It’s no secret that the United States government has participated in extraordinary rendition, the unlawful transfer of prisoners in U.S. custody to countries where we know torture and abusive interrogation techniques take place. And it’s no secret that the government has had help from private entities like Boeing subsidiary Jeppesen Dataplan, who knew exactly what they were doing when they provided support services for the CIA’s “torture flights.” In fact, it seems like the only secret left is what justification there could possibly be for the government to claim the “state secrets” privilege in an attempt to block the ACLU’s lawsuit against Jeppesen for its role in the program.
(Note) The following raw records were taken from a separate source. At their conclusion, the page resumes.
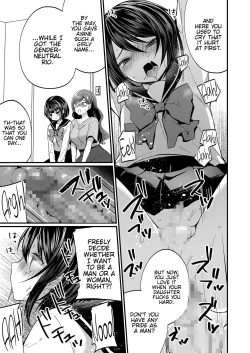 Page 22 of Hatsujou Futanari Musume to Mesu Ochi Papa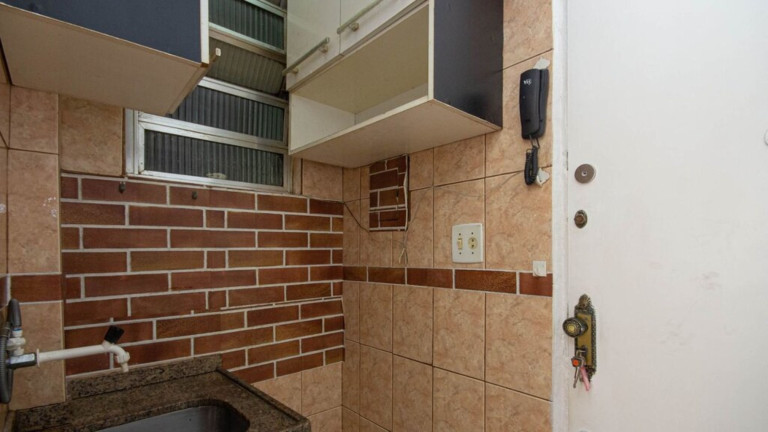 Imagem Imóvel com 1 Quarto à Venda, 26 m² em Copacabana - Rio De Janeiro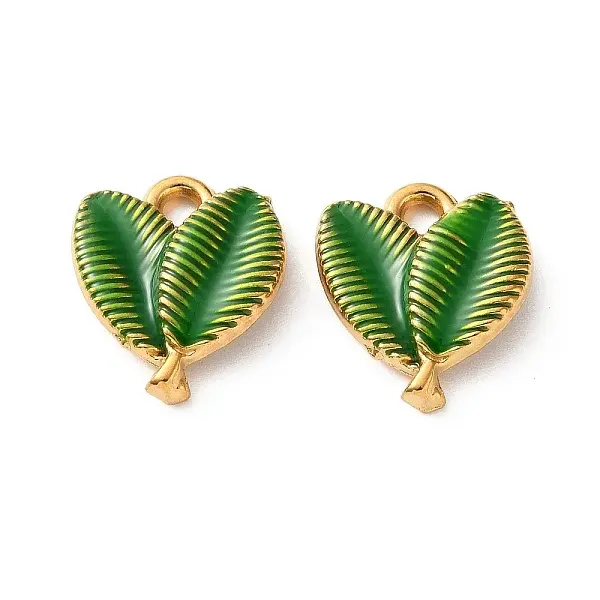 304 Stainless Steel Enamel Pendants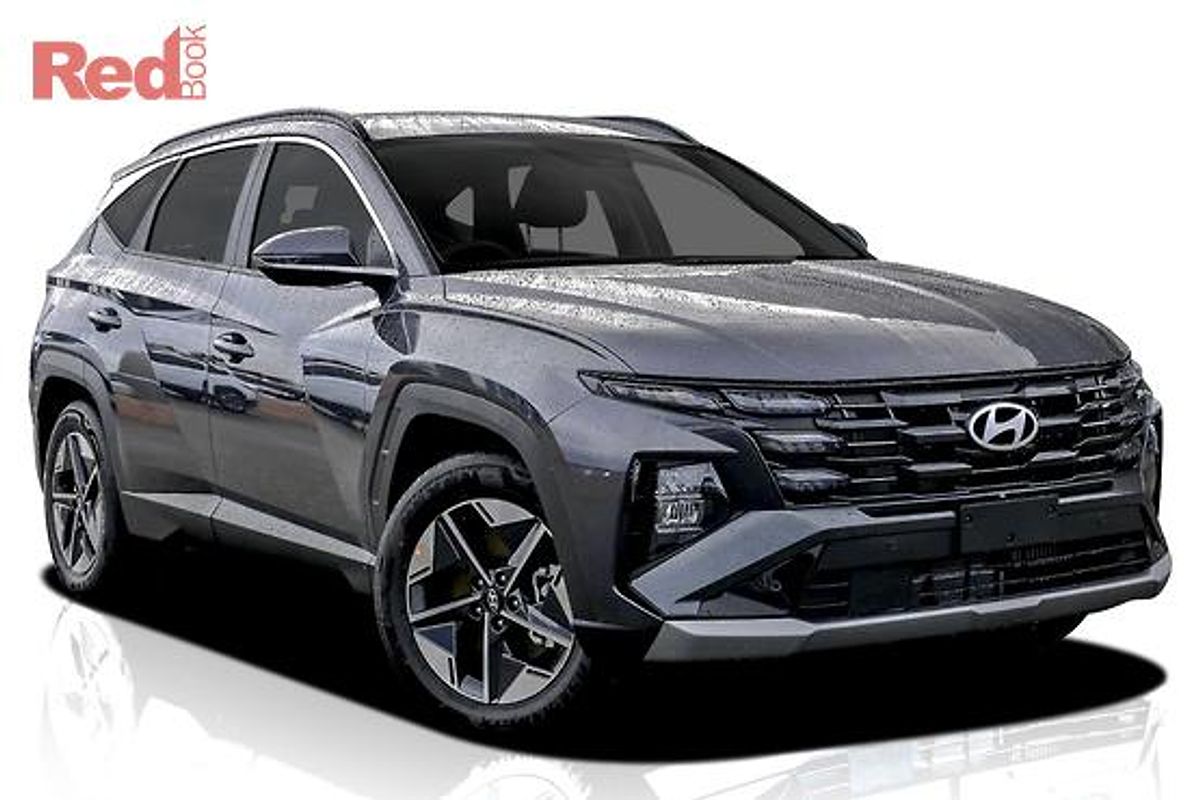 2025 Hyundai Tucson NX4.V3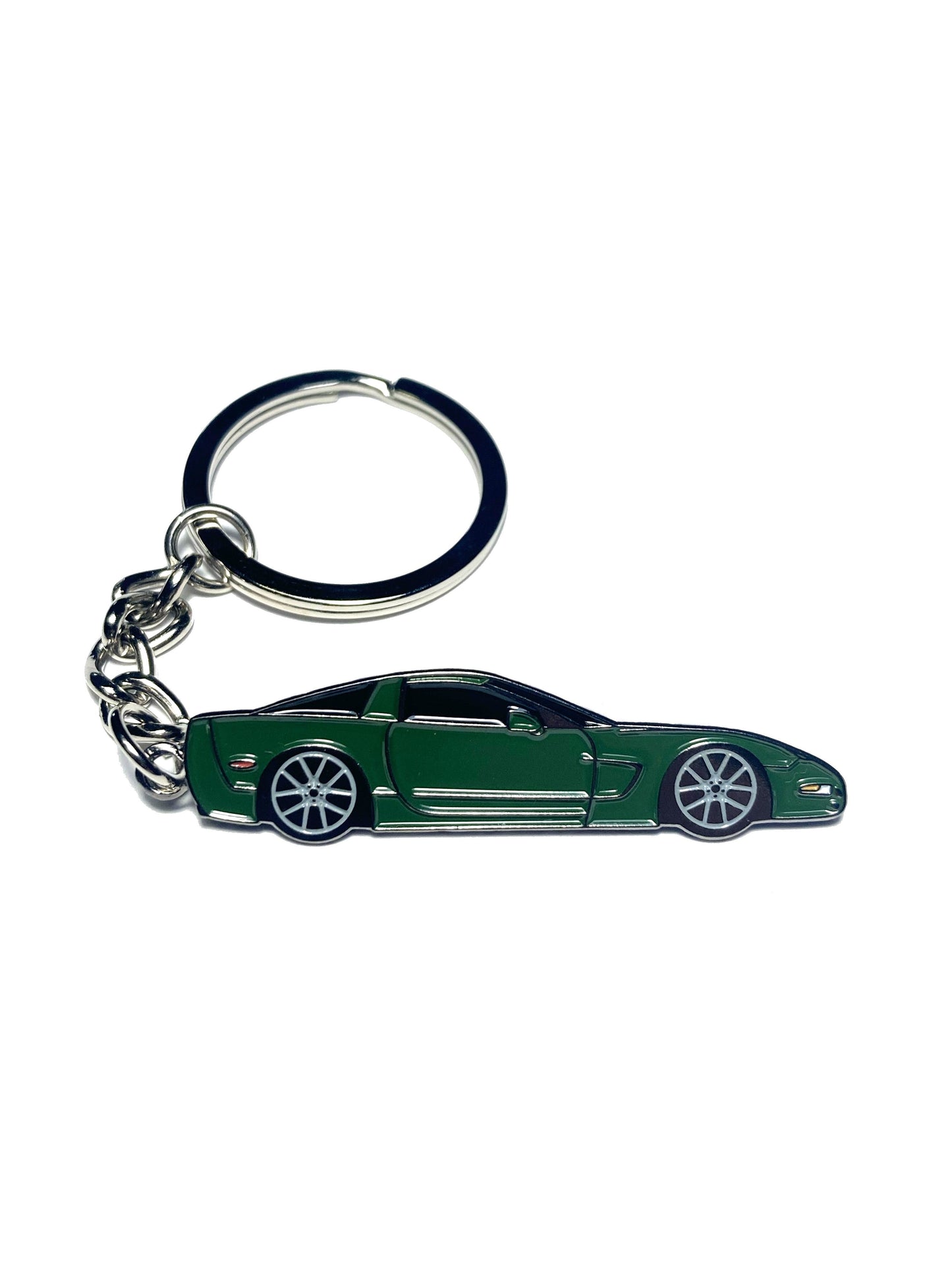 Keychains -  C5 Corvette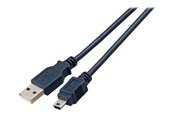 Kabel USB - EFB NORDIC EFB-Elektronik Classic - USB cable - USB to mini-USB Type B - 5 m - K5250SW.5V2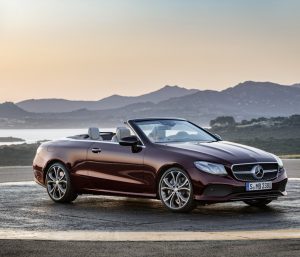Mercedes Clase E Cabrio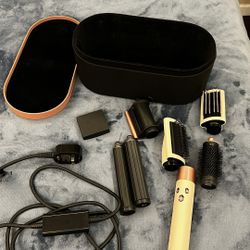 Dyson Air Wrap Complete Long 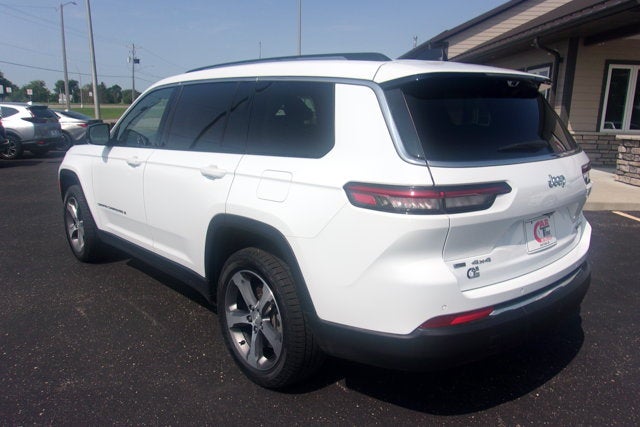 2023 Jeep Grand Cherokee L Limited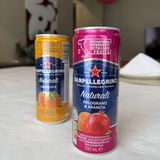 SAN PELLEGRINO АПЕЛЬСИН (330 мл)
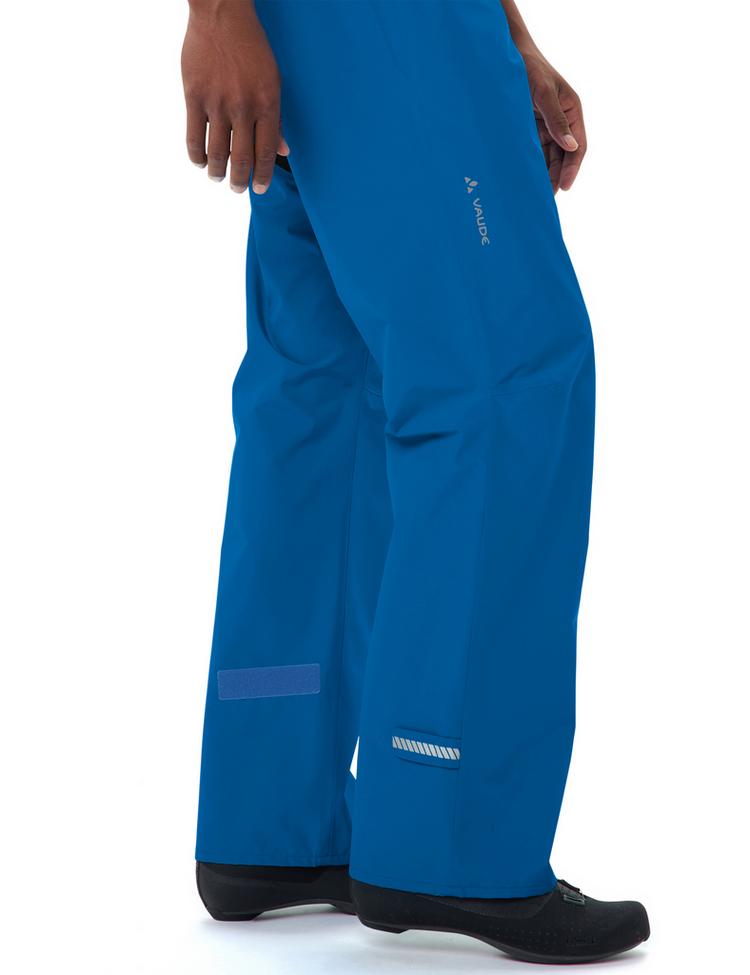 VAUDE VAUDE Men's Drop Pants II Funktionshose Herren - radiate blue uni - 0 | SportScheck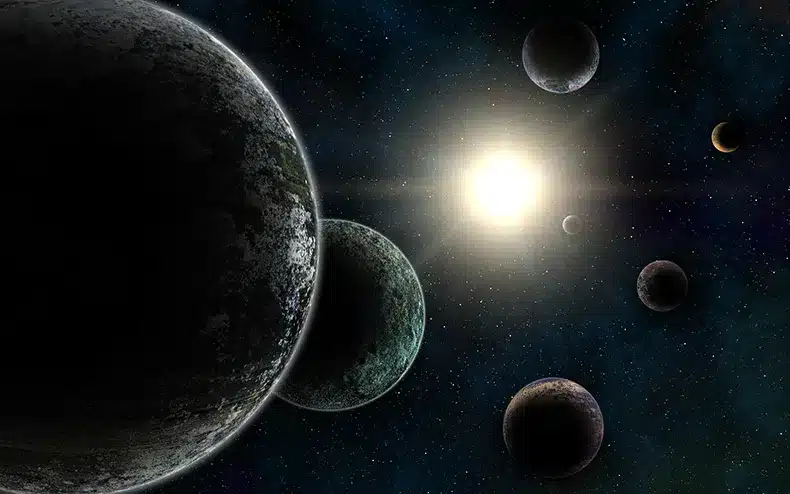 1 min chrono exoplanète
ACLU attorneys Ben Wizner and Steven Watt are in federal court in San Jose at 1:00 p.m. PST today opposing the government’s state secret claim and arguing for the continuation of that case.
It’s been 50 years since the Supreme Court last reviewed the state secrets privilege, and they recently rejected a chance to do so in the case of rendition victim Khaled El-Masri. But the government has been misusing the claim more and more, to avoid legal scrutiny for everything from torture to wiretapping. With Congress considering pending legislation to curb the abuse of the privilege, this problem is finally getting the attention it’s due, not only in the legislature but in media outlets like Congressional Quarterly, The New York Times, and The Washington Post.
Today the privilege, once intended to block singular pieces of evidence from disclosure, but now misused to block entire cases, will get some much-needed judicial review. Let’s hope our case lives to see another day so that five victims of extraordinary rendition will get their day in court too.